D'origine sociale plus élevée, la personnalité d'Henri Lefebvre (1900-1991) est complexe : philosophe, sociologue, linguiste, anthropologue, historien. Auteur de 68 livres, il est présenté par René Lourau comme le "parrain" de l'analyse institutionnelle (4). Cette personnalité est aussi représentative de la prise en compte de l'interculturalité, comme constituante de l'homme. H. Lefebvre souligne une tension interne à sa famille : sa mère est très religieuse, de type janséniste; son père est athée et bon vivant! Le jeune Henri se construit une identité critique: pendant la guerre de 1914, il lit Nietzsche en allemand, car les auteurs allemands sont interdits au lycée. Dans La somme et le reste (1958), son autobiographie critique, H. Lefebvre revendique le droit de se construire comme pluriel. Il croit avoir le droit d'être à la fois militant politique, mais aussi philosophe, sociologue, historien... Il pense que chaque moment répond à une logique qui lui est propre. Il critique le stalinisme comme forme de pensée dogmatique, qui ne peut accepter que chaque moment relève de logiques différentes. Pour lui, il est illégitime que le philosophe qu'il est, dans son travail philosophique, puisse se voir dicter ses méthodes de travail par le Parti communiste. Ce livre est ainsi un manifeste pour une identité plurielle, thème qui se redéploie dans Le manifeste différentialiste (5). Lefebvre pense à la fois le quotidien (6) et le mondial (7). Il pense la philosophie ou l'état comme des formes mondiales, mais en même temps diversifiées selon les lieux et les temps (8). Il voyage beaucoup; il est beaucoup traduit. Il élabore une théorie de la personnalité à partir d'une théorie des moments.

 

Ces quatre personnages se sont donc construits dans une tension entre ici et ailleurs, entre Paris et la province, d'abord, puis entre la France, l'Europe et le mondial.

 

(1) Remi Hess, Gérard Althabe, une biographie entre ailleurs, ici, Paris, L'Harmattan, 2005. R. Hess, «Gérard Althabe et l'Afrique», in Les irrAIductibles n°ll, Etudes africaines, Paris, 2007, pp. 15-38 ; sur le même auteur : Kareen Illiade, «L'implication dans l'anthropologie
de Gérard Althabe», in R. Hess, G. Weigand, L'observation participante dans les rencontres interculturelles, Paris, Anthropos, pp. 41-63.

 

(2) Gélos est alors un village à côté de Pau.

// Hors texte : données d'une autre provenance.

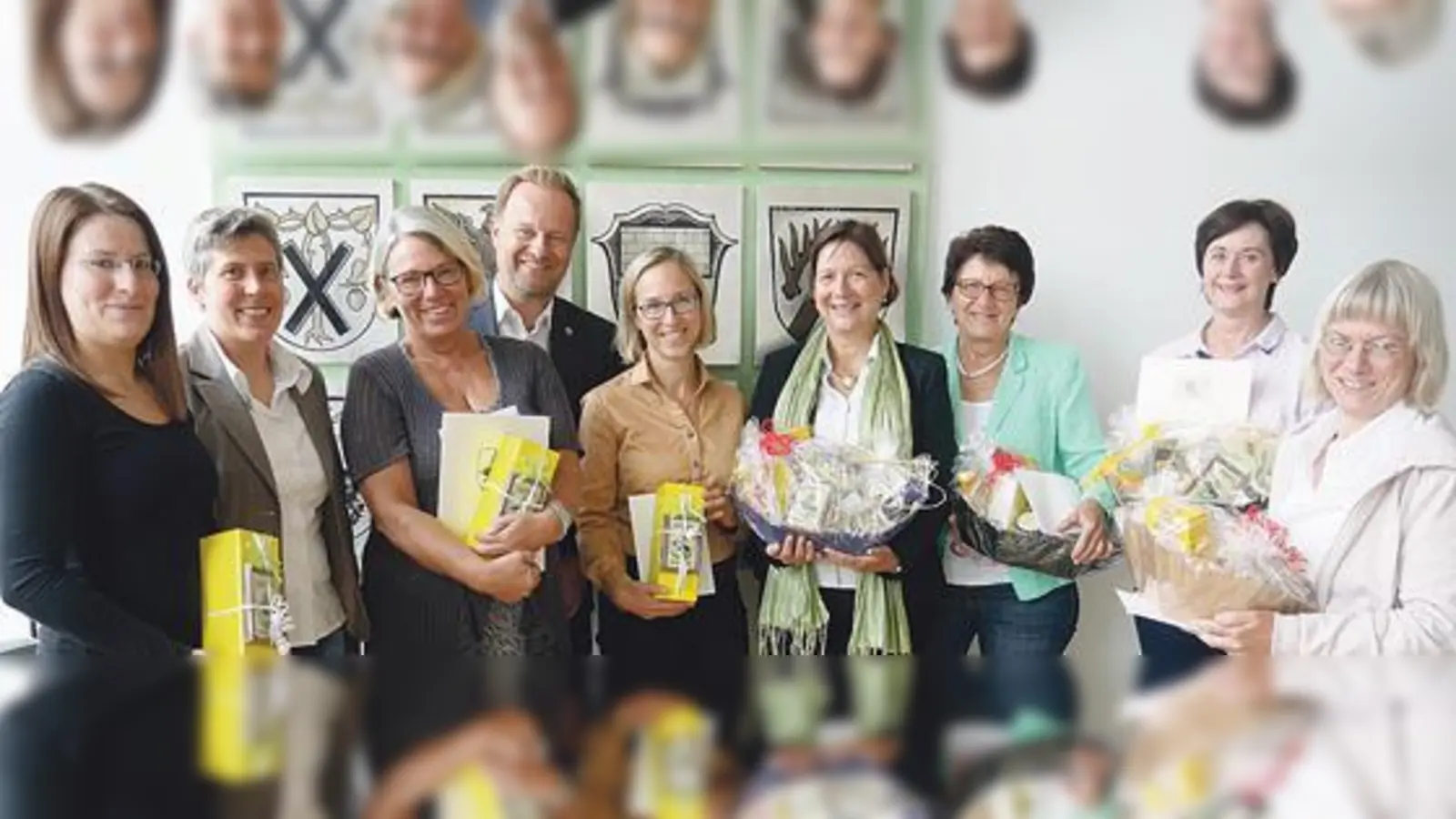 Landrat Robert Niedergesäß ließ es sich nicht nehmen, seinen Mitarbeiterinnen persönlich zu danken.	 (Foto: LRA)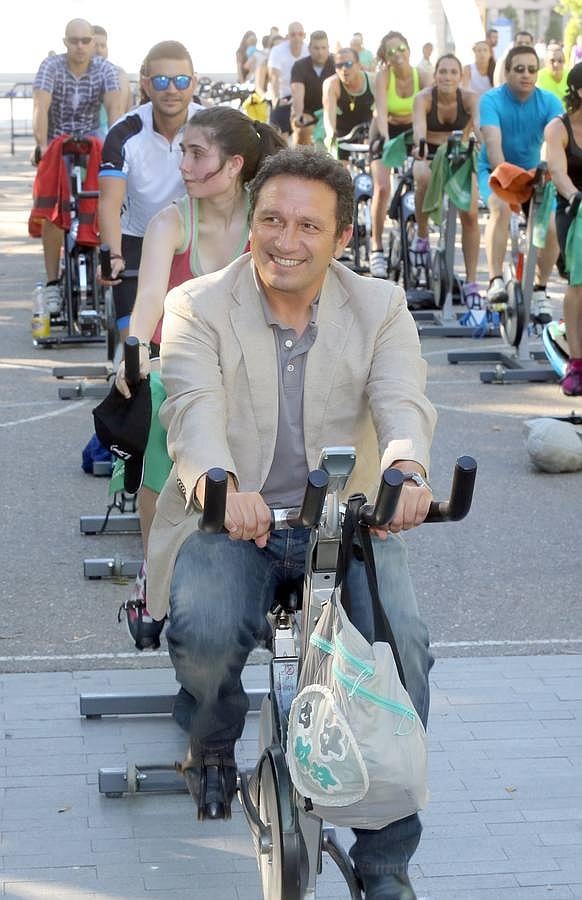 &#039;Spinning&#039; en la acera Recoletos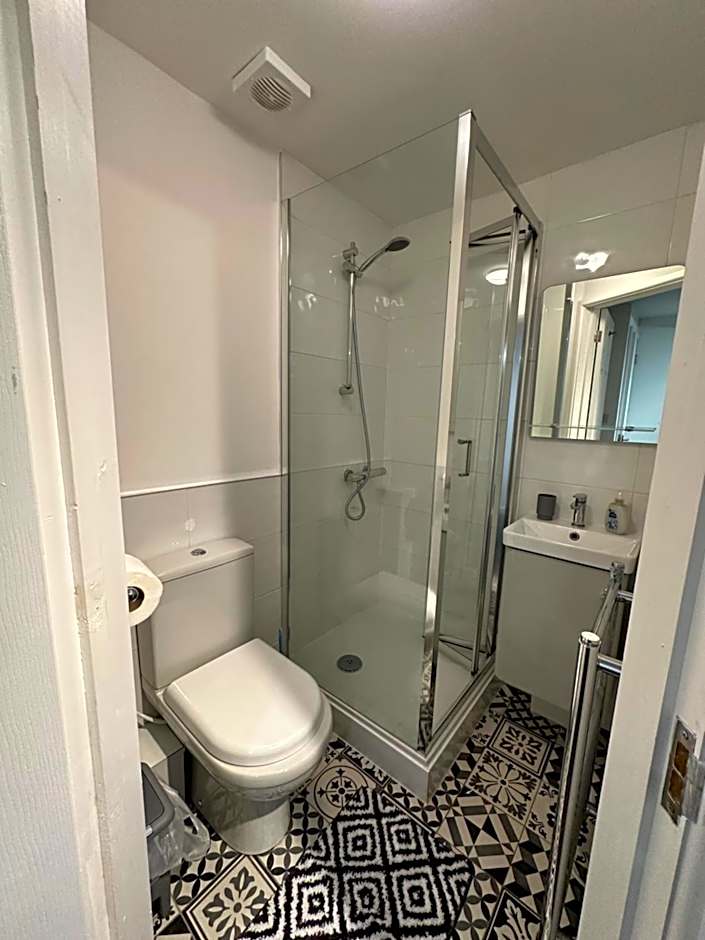 Lovely Town house Room 5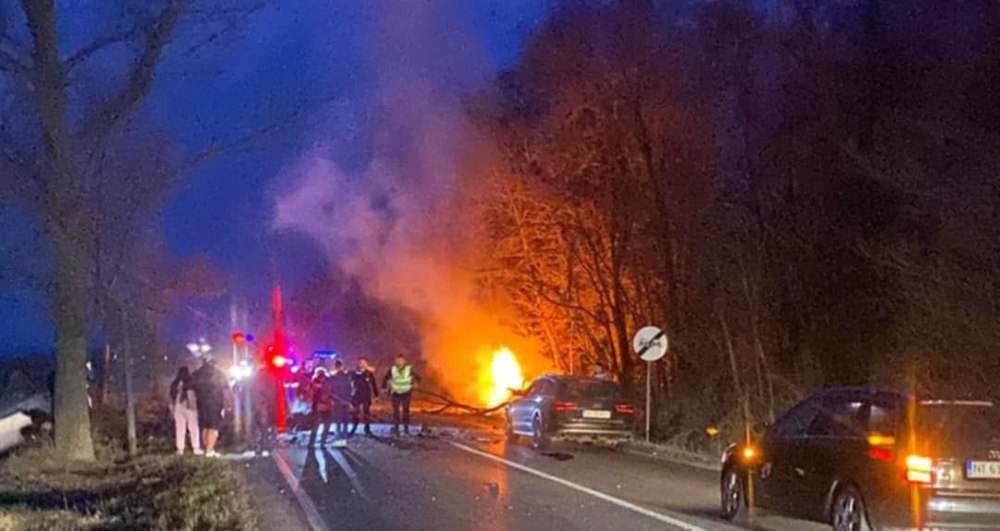 Patru morți într-un accident în Neamț: o mașină a luat foc la impactul cu un alt autoturism. Un bebeluș, printre victime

Aujourd'hui faubourg de Pau.

 

(3) Remi Hess, Gérard Althabe, une biographie entre ailleurs, ici, Paris, L'Harmattan, 2005, chapitre 1.

 

(4) R. Lourau, préface à la 3 édition de H. Lefebvre, La somme et le reste, Paris, Méridien-Klincksieck, 1989.

 

(5) H. Lefebvre, Le manifeste différentialiste, Paris, Gallimard, 1970.

 

(6) La critique de la vie quotidienne, Paris, L'Arche, 1947, 1961 et 1981 (3 volumes réédités). La vie quotidienne dans le monde moderne, Idées, Gallimard, 1968.

 

(7) H. Lefebvre, Métaphilosophie (1965), seconde édition, Paris, Syllepse, 2002.

 

(8) H. Lefebvre, De L'Etat, Paris, 10-18,4 volumes, 1976-78.